The problem:
Go through the data and copy every line in which "virtualization" appears.

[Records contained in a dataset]
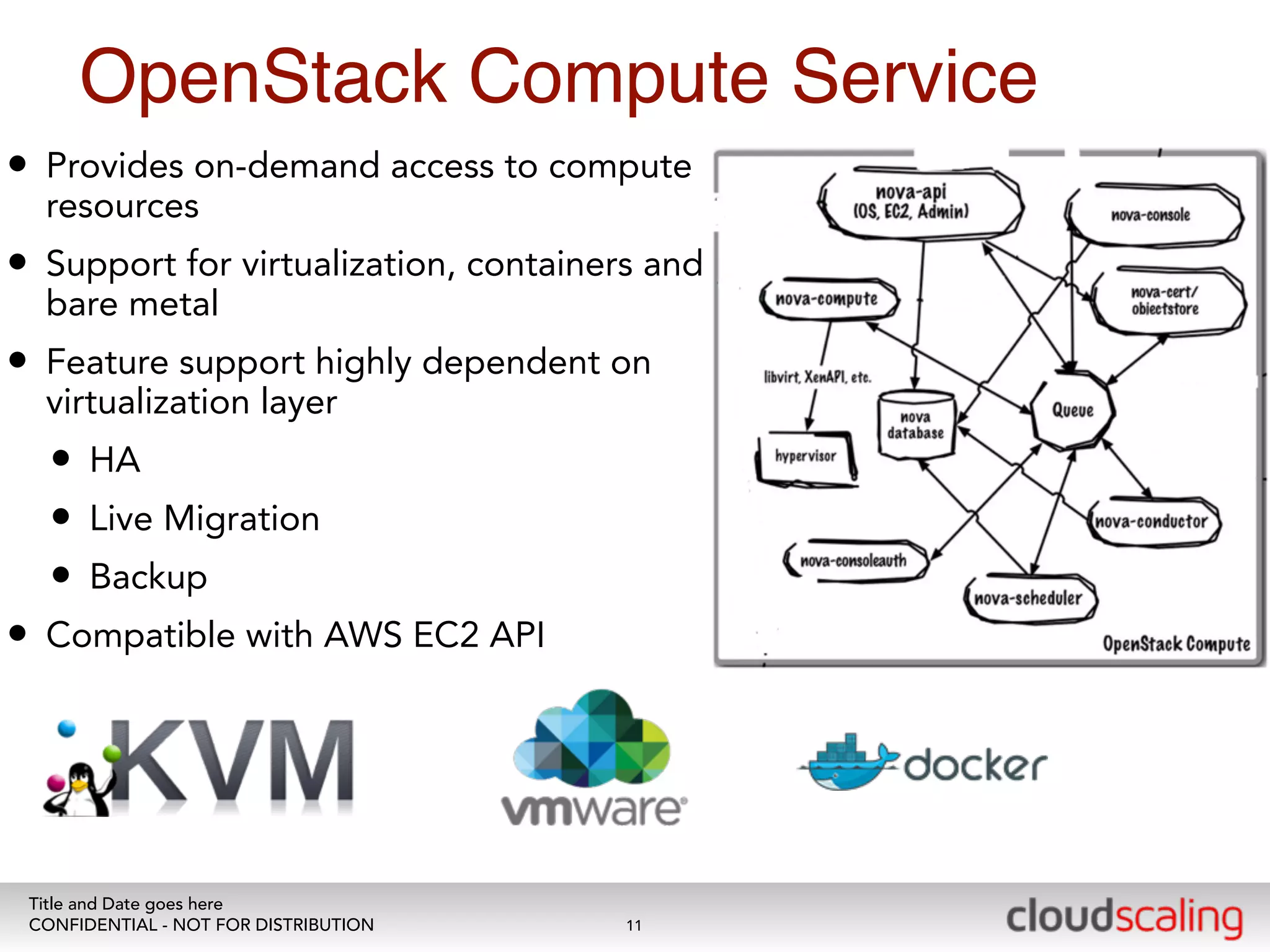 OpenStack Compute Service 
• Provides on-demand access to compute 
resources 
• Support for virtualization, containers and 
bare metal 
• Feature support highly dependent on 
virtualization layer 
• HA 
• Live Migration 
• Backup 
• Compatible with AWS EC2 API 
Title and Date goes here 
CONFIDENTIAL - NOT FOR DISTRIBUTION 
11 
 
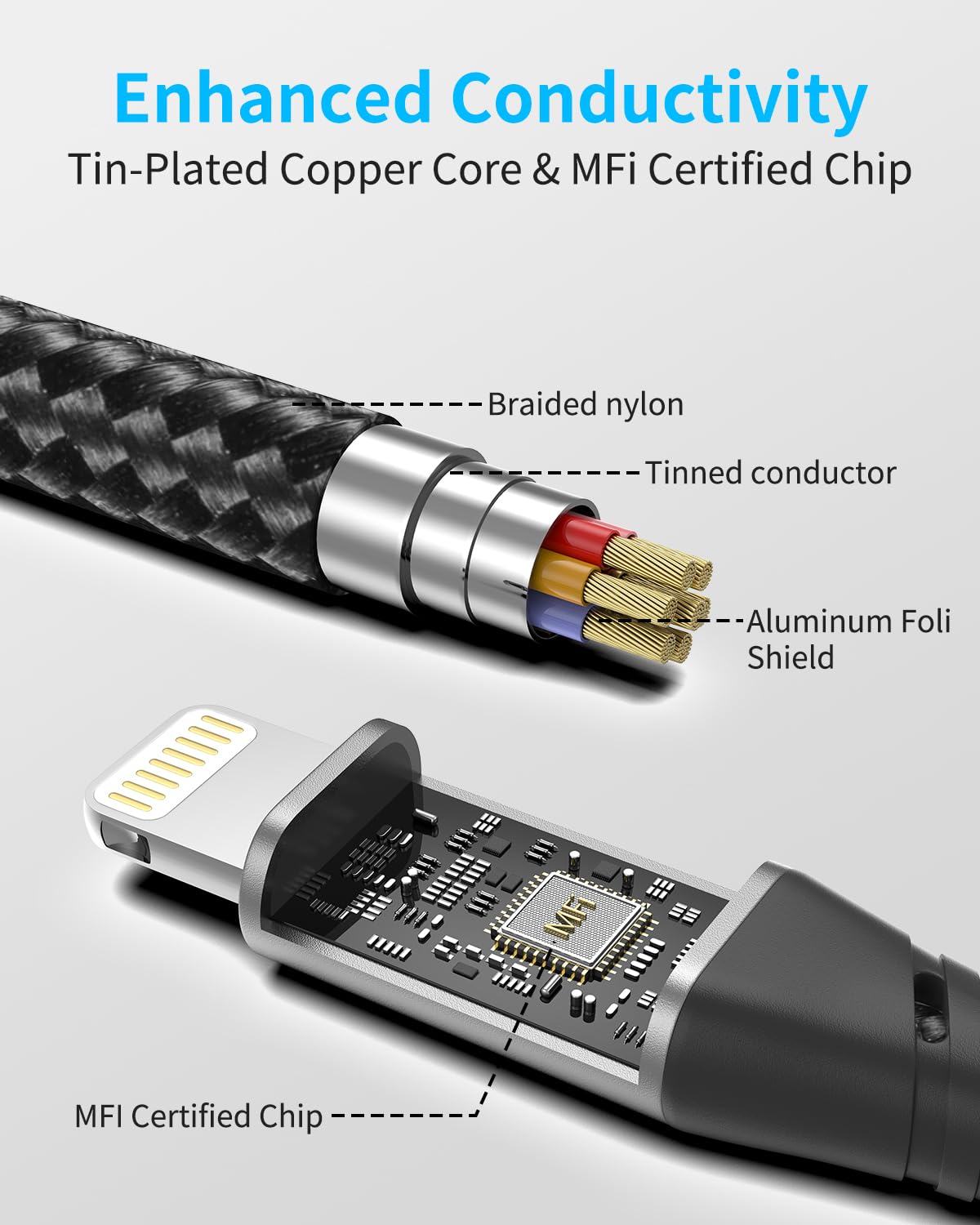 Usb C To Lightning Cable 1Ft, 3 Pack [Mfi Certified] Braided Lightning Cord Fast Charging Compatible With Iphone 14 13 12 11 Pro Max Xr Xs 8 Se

Output for this task:
• Support for virtualization, containers and 
virtualization layer 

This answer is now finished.